# What do you think of this tracking device scenario for my story?



## ironpony (Feb 10, 2019)

For my story, I wanted the main character to follow the villains around with a tracking device planted on the main villain's car, so they wouldn't know they are being followed. The villains have been going around committing a series of kidnapping crimes, and the main character wants to catch them and see if they are the guys.

I was told in order for the main character to get his own tracking device, that he should just use the ones you buy, in which you can plant on a car, which are sold under the marketing idea to see if your spouse is cheating on you, like the one Hank used on Breaking Bad.

However, the thing about those devices, is that they do not transmit a live feed.  You have to take if off the car afterwards and see where the person went.  I want the main character to find out where the villains next kidnapping is going to be.  So if he cannot find out by witnessing it live, he will have to find out where the place is going to be.  So out of all the places the villain visits, like in a week, is it possible for the main character to guess where the next kidnapping spot is going to be without the main character having to visit them all and have to wait around at each place forever, trying to wait for the villains to show up and kidnap someone?   Cause that will take a lot of waiting and trial and error for each place.

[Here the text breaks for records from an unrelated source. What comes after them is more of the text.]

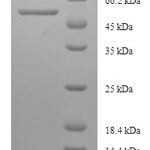 SDS-PAGE separation of QP5768 followed by commassie total protein stain results in a primary band consistent with reported data for Cystathionine beta-synthase. These data demonstrate Greater than 90% as determined by SDS-PAGE.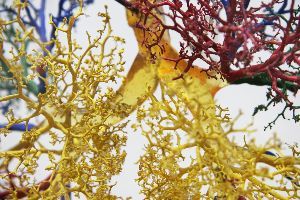 Flugthrombose - Reisethrombose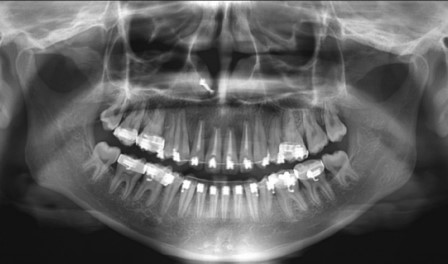 عصب کشی و ارتودنسی دندان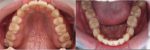 Lengkung gigi akhir setelah perawatan behel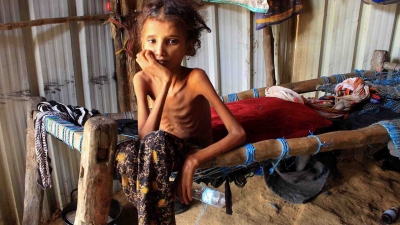 البنك الدولي: 70 بالمئة من اليمنيين يواجهون خطر الجوع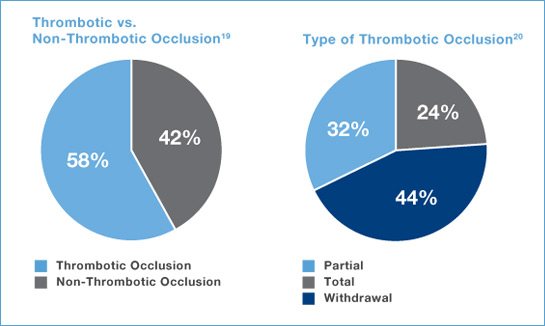 Thrombotic occlusion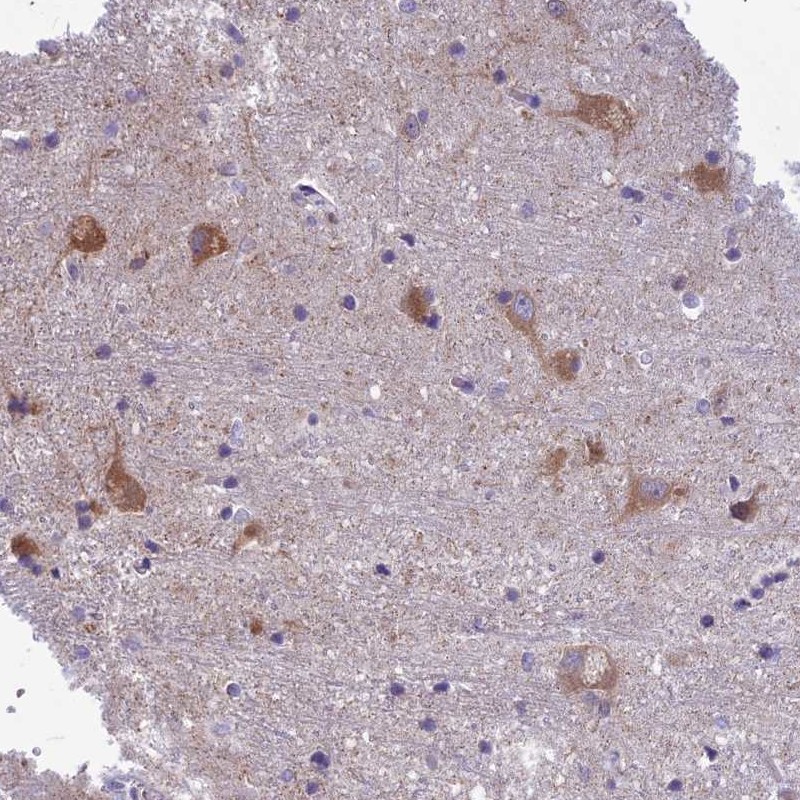 Anti-PCDHB14 Antibody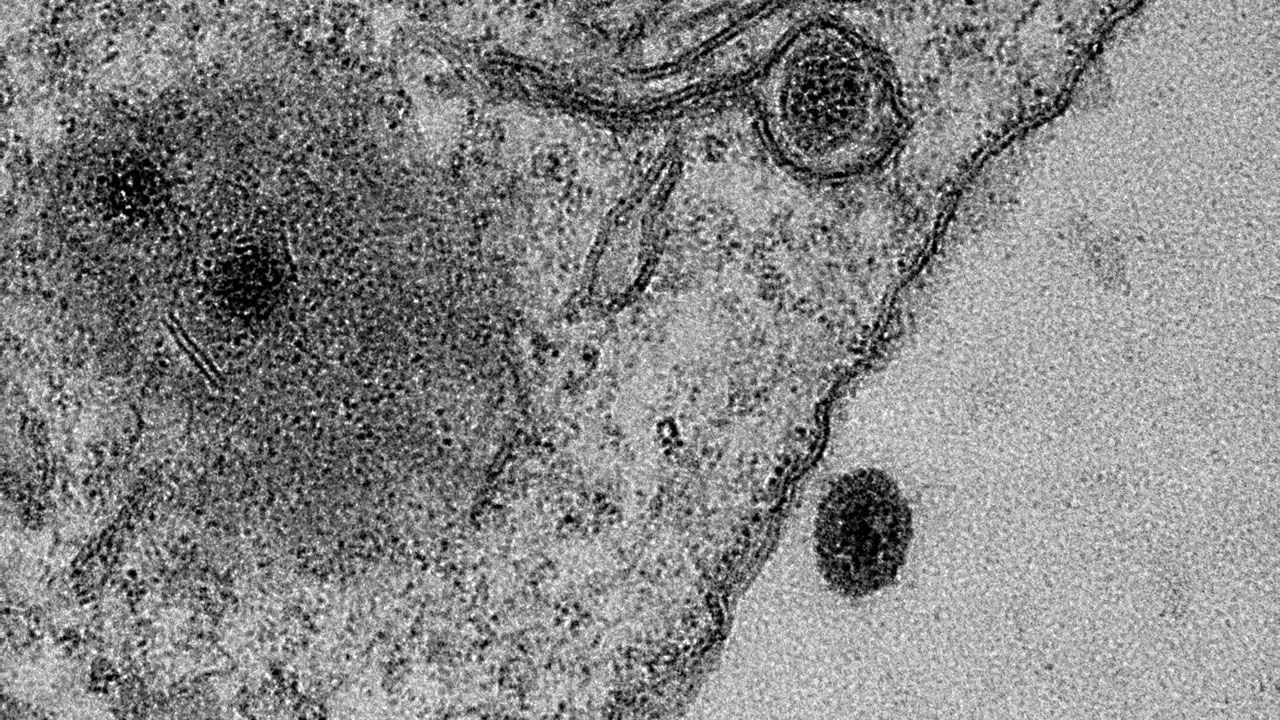 Photo of Cos’è lo Yaravirus scoperto in Brasile? Origini del nome e Caratteristiche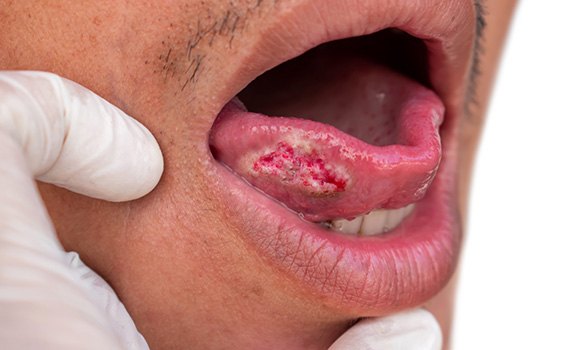Signs and symptoms of oral cancer include sores in the mouth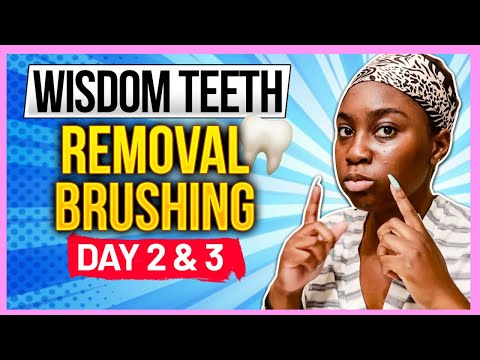 HOW To BRUSH TEETH After WISDOM TEETH REMOVAL in 2021🪥|Day 2&3 WISDOM TEETH REMOVAL Recovery Tips🦷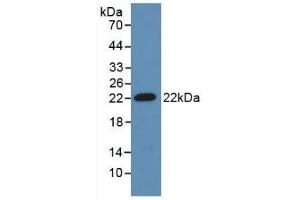 Detection of Recombinant ADM, Mouse using Polyclonal Antibody to Adrenomedullin (ADM) (Adrenomedullin 抗体  (AA 24-171))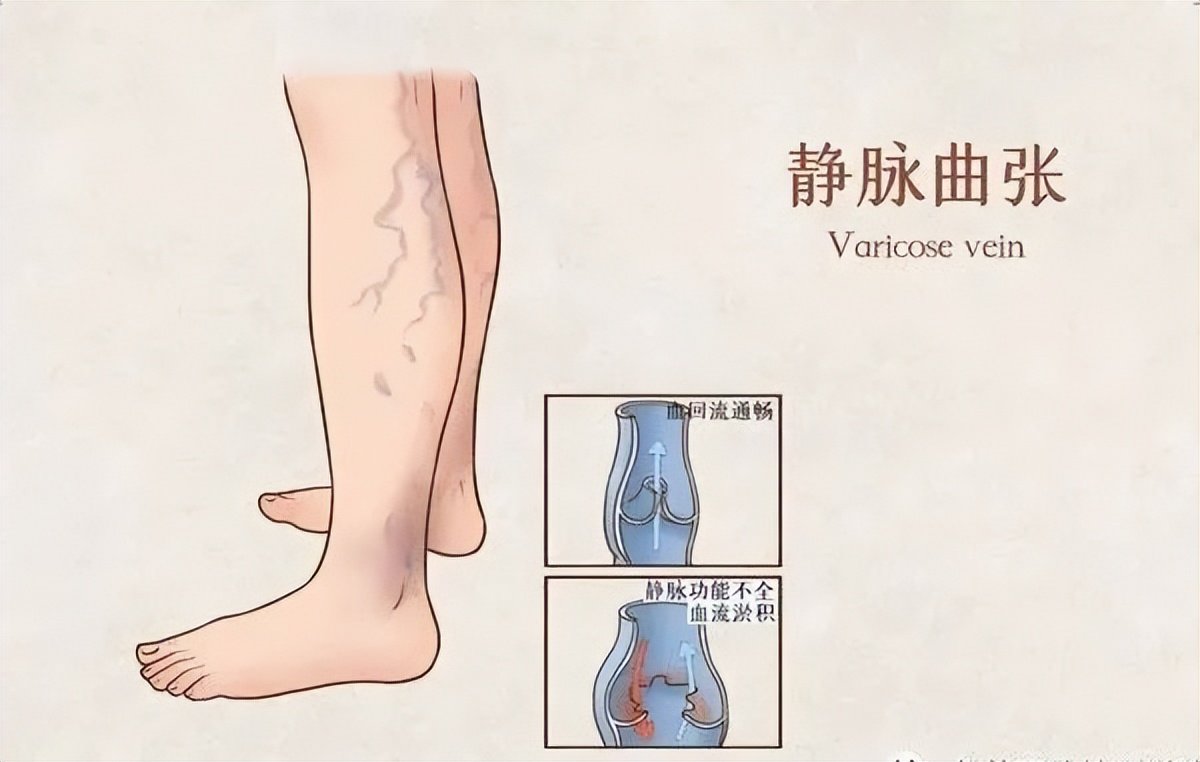 蚯蚓腿最怕什么药,如何防治蚯蚓腿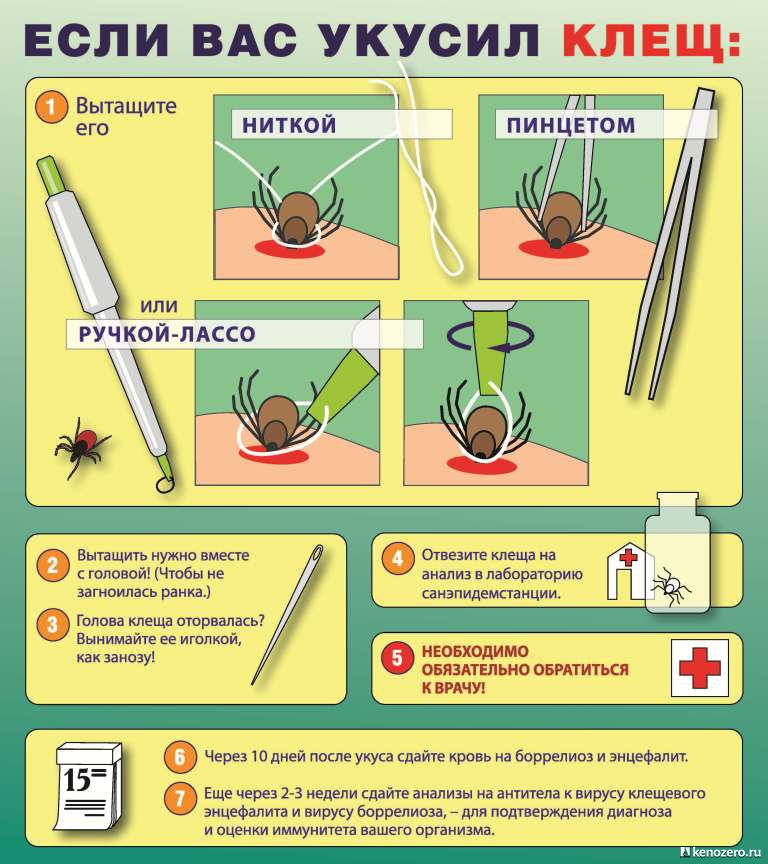 Если вас укусил клещ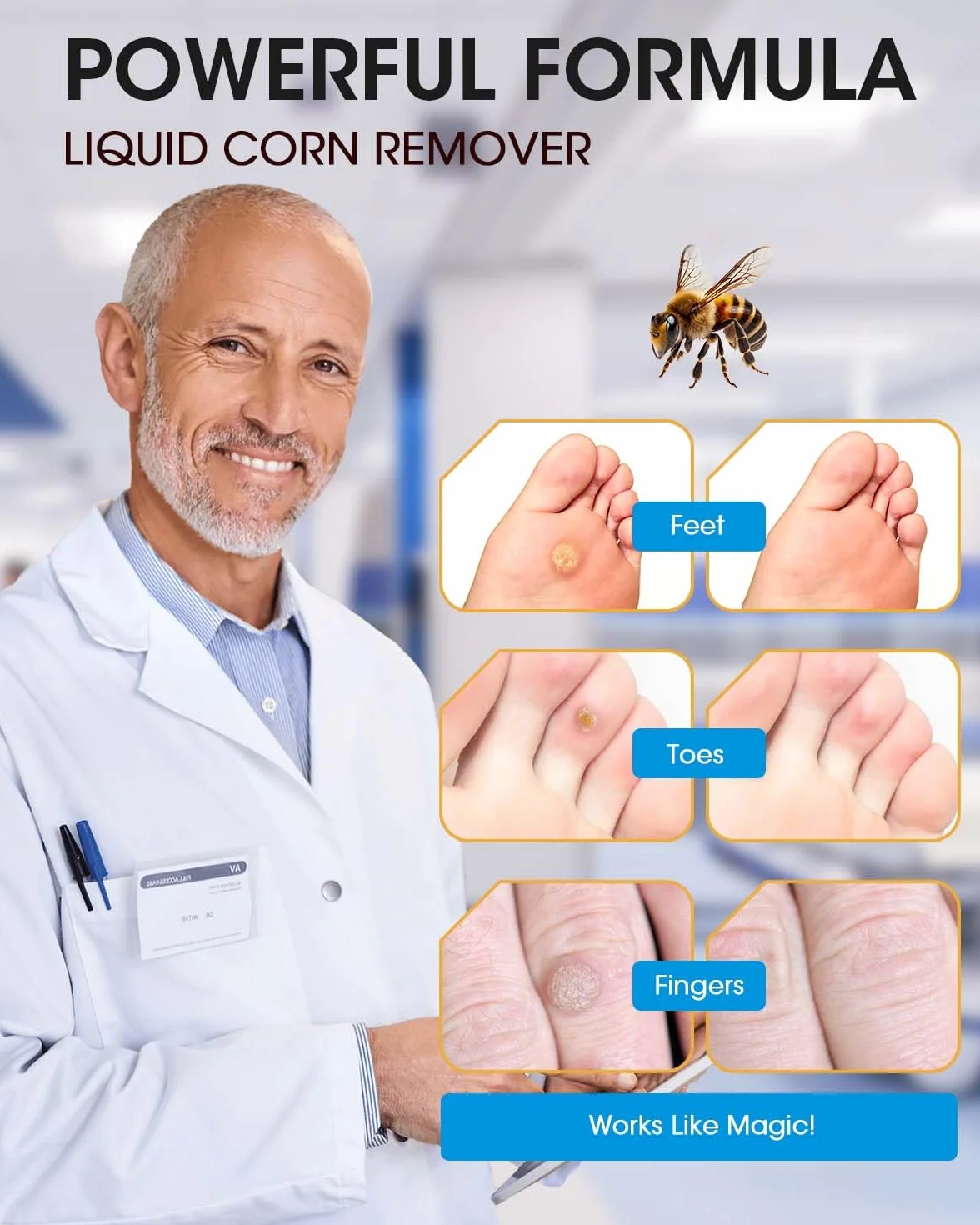 Bee Venom Callus Remover 20 ml - Rapid Action Liquid for Feet, Adults, Runners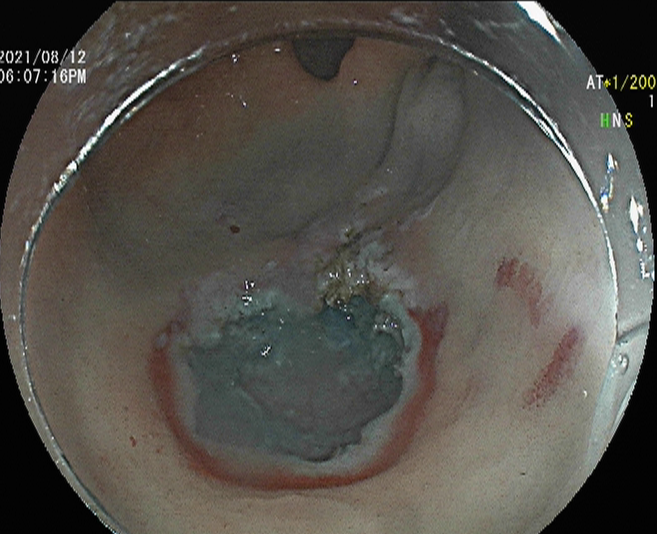 小小內鏡顯神通  中西結合瘥頑疾
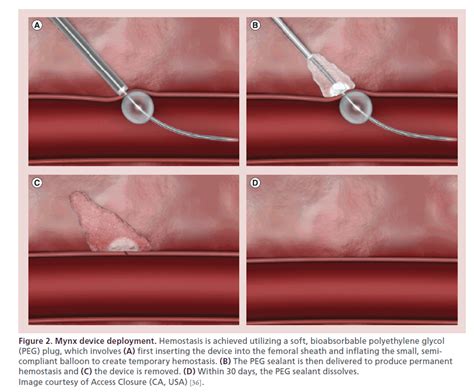 mynx interventional cardiology interventional cardiology cardiac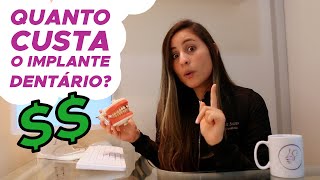 QUANTO CUSTA UM IMPLANTE DENTÁRIO
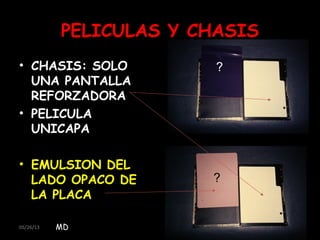 05/26/13 7
PELICULAS Y CHASIS
• CHASIS: SOLO
UNA PANTALLA
REFORZADORA
• PELICULA
UNICAPA
• EMULSION DEL
LADO OPACO DE
LA PLACA
MD
?
?
 
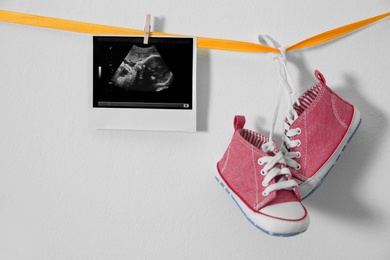 Photo of Ultrasound photo and baby sneakers hanging on ribbon against white background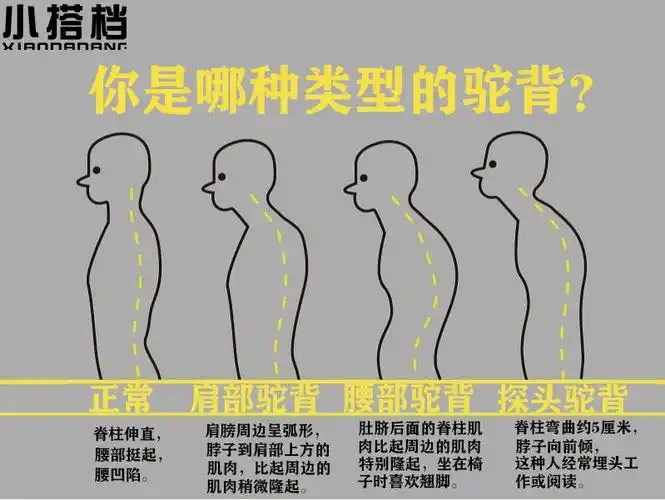 我们大多数驼背其实是"姿势性驼背"以及"习惯性驼背",远远达不到需要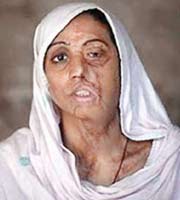 Gözleri Asitle Kör Edilecek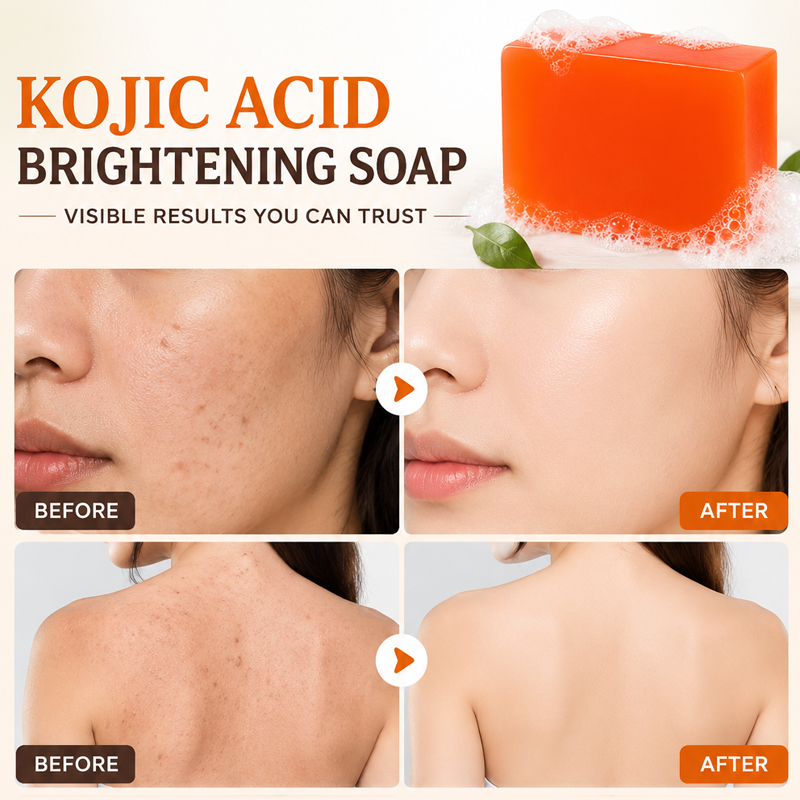 สบู่โคจิกแอซิด 6 ก้อน ช่วยปรับ - Glycolic Acid Exfoliant บทวิจารณ์และราคา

I thought I could write it so the main character sees that the villain visited a certain place on the tracking device, goes there at night, thinking the kidnapping will be a night... and then he waits around and then the villains show up to kidnap someone they will know will be in that place at that time, and the main character has then caught them in the act, and knows he has the right people.

Or is this too convenient do you think, that he guessed this would be the kidnapping spot, and then it turns out it was it, and he came the exact night they were going to do it?   Too coincidental do you think maybe?


----------



## Hill.T.Manner (Feb 10, 2019)

I'm not putting anything constructive here, you're doing it again. You're asking people for an opinion before you've written anything. Just. Write. It. and when you're ready for someone to review it they'll let you know what works and what doesn't.


----------



## ironpony (Feb 10, 2019)

Oh okay thanks, but why does everything have to be written to be understood?  Why can't I explain part of the plot and the plot can still be understood just be explaining it?  For example, when I explain parts of the plot to other people they understand it, and do not need to see it written in full, so I just don't get why it's so hard to understand that people need to see it explained in every detail.

I mean other people explain their synopses on here, and people are still able to understand what is going on, and do not need to see an entire story written out, so what is wrong with just explaining through a brief description, when the description still makes sense to people?


----------



## Guard Dog (Feb 10, 2019)

Because with you, it's always the same thing... the near-constant need for someone to 'hold your hand' or to approve of what you're doing.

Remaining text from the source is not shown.